# What is the need for prediction filter in PCM and DPCM?

The DPCM works by the difference between actual samples and predicted samples.

If we already have the actual samples, we can quantize it and encode it later.

• But why we use prediction filter?
• And by the definition "predicts the present samples with previous samples" how does the filter do that?

The DPCM works by the difference between actual samples and predicted samples.

If we already have the actual samples, we can quantize it and encode it later.

• But why we use prediction filter?

the idea is to transmit the D (or $e[n]$) and let the receiver add that to the previous PCM sample it has (or can predict from the previous PCM samples using the same predictor). and the reason was that, if the prediction was good, then $e[n]$ would be small and a smaller word width was needed.

• And by the definition "predicts the present samples with previous samples" how does the filter do that?

the idea is that a good prediction of $x[n]$ is a linear combination of $x[n-1]$, $x[n-2]$, $x[n-3]$, $x[n-4]$... $x[n-N]$. so some guys in the sixties just suggested that the prediction is:

$$\hat{x}[n] \triangleq a_1\, x[n-1] \ + \ a_2\, x[n-2] \ + \ a_3\, x[n-3] \ + ... + \ a_N\, x[n-N]$$

the prediction error is

$$e[n] \triangleq \hat{x}[n] - x[n]$$

and this $e[n]$ is what is transmitted and the next PCM sample can be constructed from the previous PCM samples and the error as

\begin{align} x[n] &= \hat{x}[n] \ - \ e[n] \\ &= a_1\, x[n-1] \ + \ a_2\, x[n-2] \ + \ a_3\, x[n-3] \ + ... + \ a_N\, x[n-N] \ - \ e[n] \end{align}

you can see that the prediction is a linear FIR filter and that the reconstruction has feedback and is a linear IIR filter (that happens to have all of the zeros at the origin, sometimes called an "all-pole filter" which is slightly imprecise).

then the idea is to, with knowledge of the statistical spectral characteristics of $x[n]$, namely its autocorrelation, find the values of $a_1$, $a_2$, $a_3$, ... such that the prediction is the best, that is such that $|e[n]|^2$ is minimized in a statistical manner. this is what linear predictive coding (LPC) is at the most fundamental. smaller $e[n]$ means that the word width needed for that signal is smaller and that the number of bits you need to send $e[n]$ over a transmission channel is less. and, it means you can add Shannon and Huffman to the mix and send even fewer bits over the channel. that is one way to do lossless coding.
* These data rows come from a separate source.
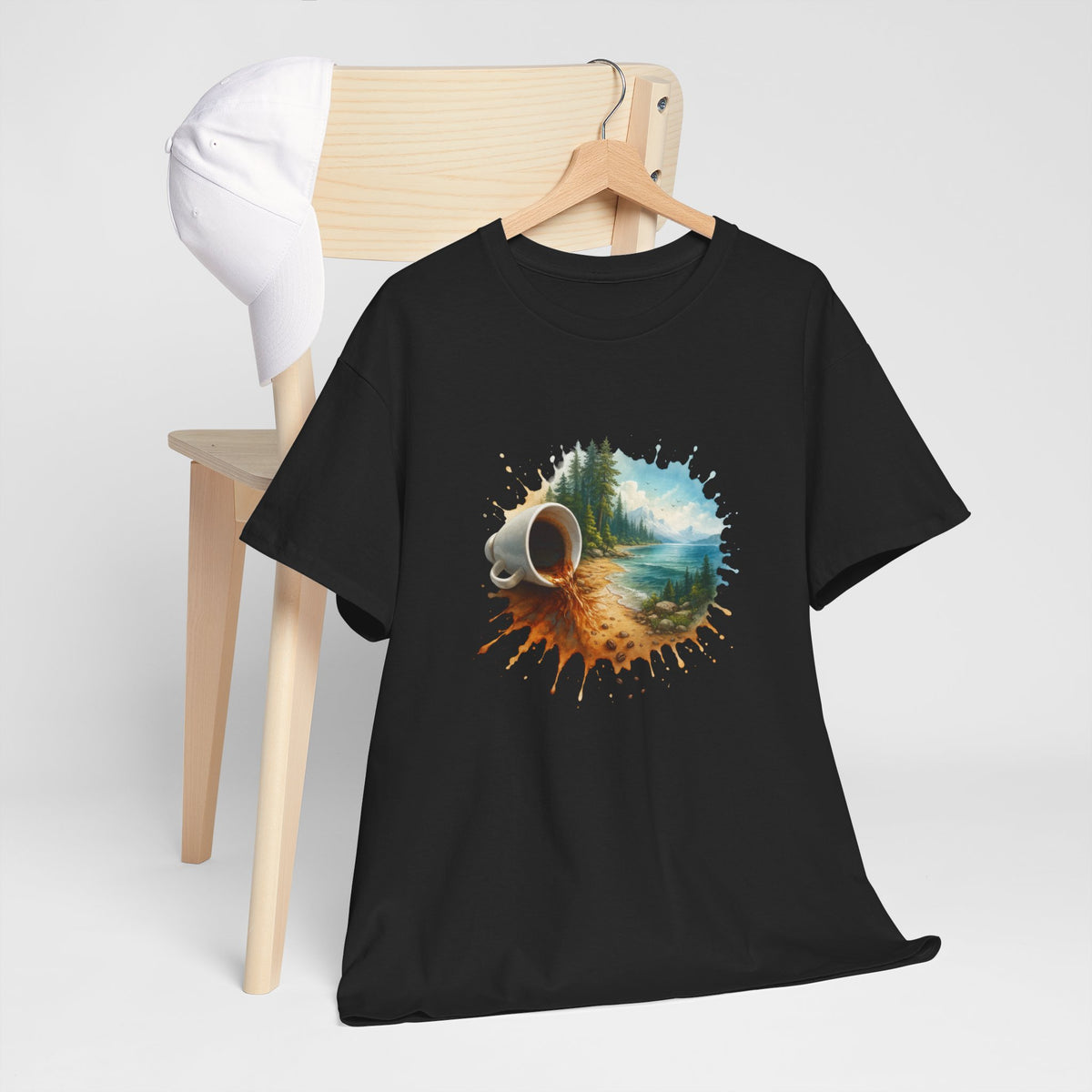Nature-Inspired Unisex Heavy Cotton Tee, Casual Outfit, Gift for Nature Lovers, Camping Apparel, Outdoor Adventure Shirt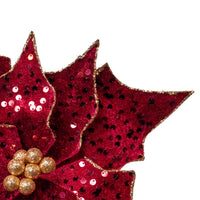 Ruby Red Velvet Sequined Poinsettia Stem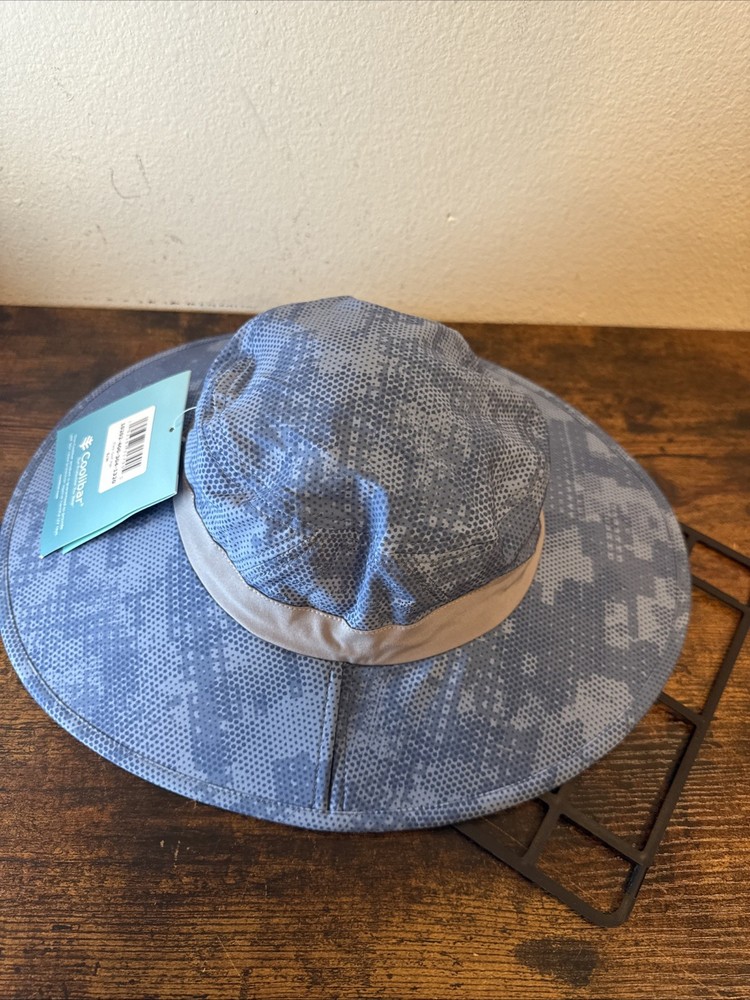 🧢 Coolibar Performance FORE Golf Hat – Wide Brim – UPF 50+ Blue Digital Pattern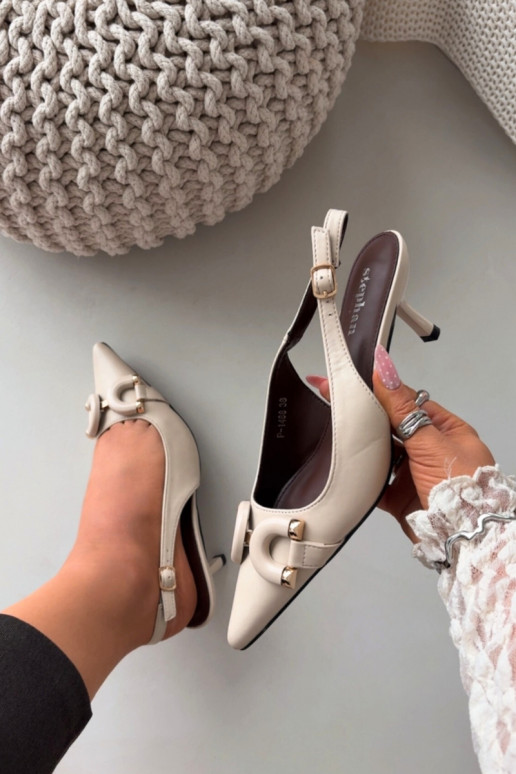 Dámské sandály s tenkými podpatky  Detalem slonová kost Brienne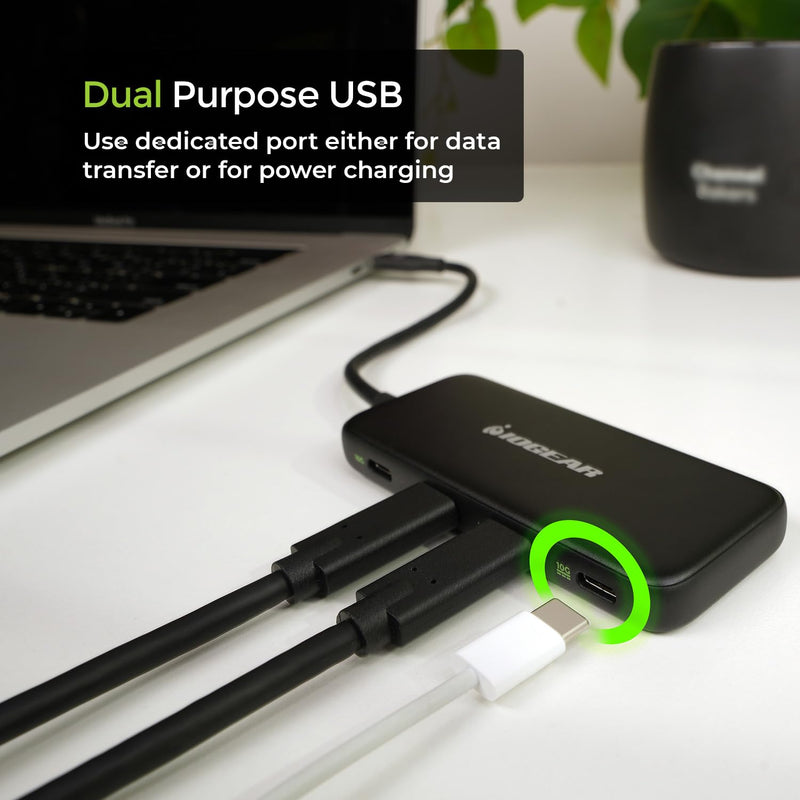 IOGEAR 4-Port USB-C Hub, USB 3.2 Gen 2 10Gbps, 100W Power Pass-Through, High-Speed USB-C Expansion Hub for SSDs, Hard Drives, Laptops, macOS, Windows (GUH3C4C)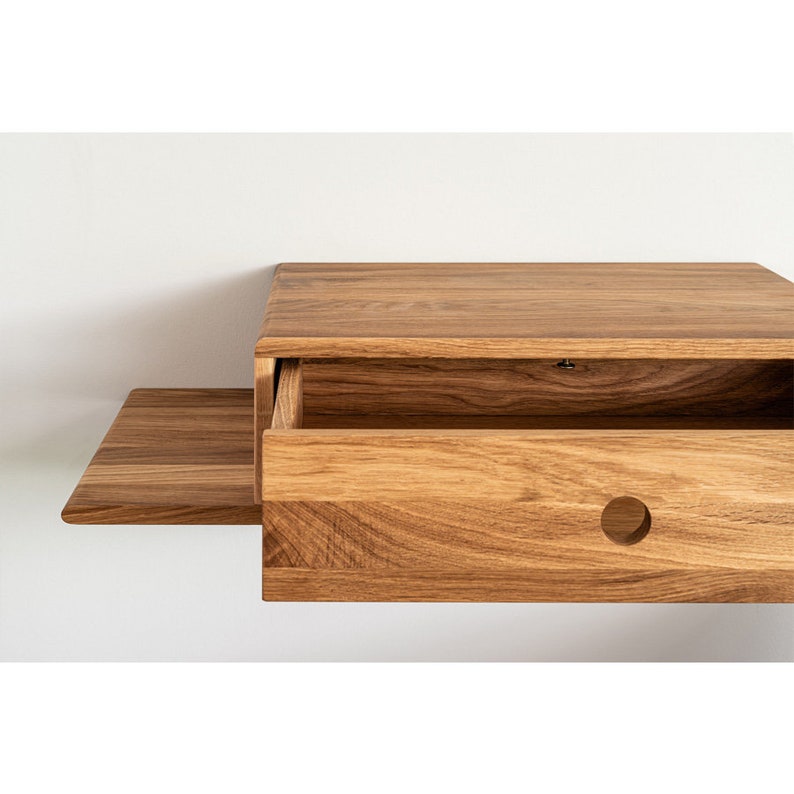 Table De Chevet Flottante HEYZOEY Avec Tiroir – Design Blanc Et Rotin – étagère Murale Pour Chambre, Salon, Salle De Bain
But why we use prediction filter?

The issue is that we want to send as accurate a sampled version of the signal as possible now. And, depending on the signal, we may be able to predict it pretty well.

That way, the predicted signal, $\hat{x}(t)$ will be "close" to the real signal $x(t)$, except for some prediction error $e(t)$. Provided the predictor accurately reflects the signal model that generated $x(t)$, the prediction error should be white.

The black arrow in the diagram indicates the sampled signal being sent somewhere else where we don't have access to $x(t)$.

And by the definition "predicts the present samples with previous samples" how does the filter do that?

The filter does that by being as accurate as possible a match to the unknowable filter that generated the signal in the first place. For speech, this is generally an AR (LPC) filter. Other signal types have different signal models.

But why we use prediction filter?

To reduce the error we would have by encoding the actual sample directly.

How does the filter do that?

By combining past values in a clever way. If you are disturbed by filter, you can call it (linear) extrapolation, just a different way of looking at it.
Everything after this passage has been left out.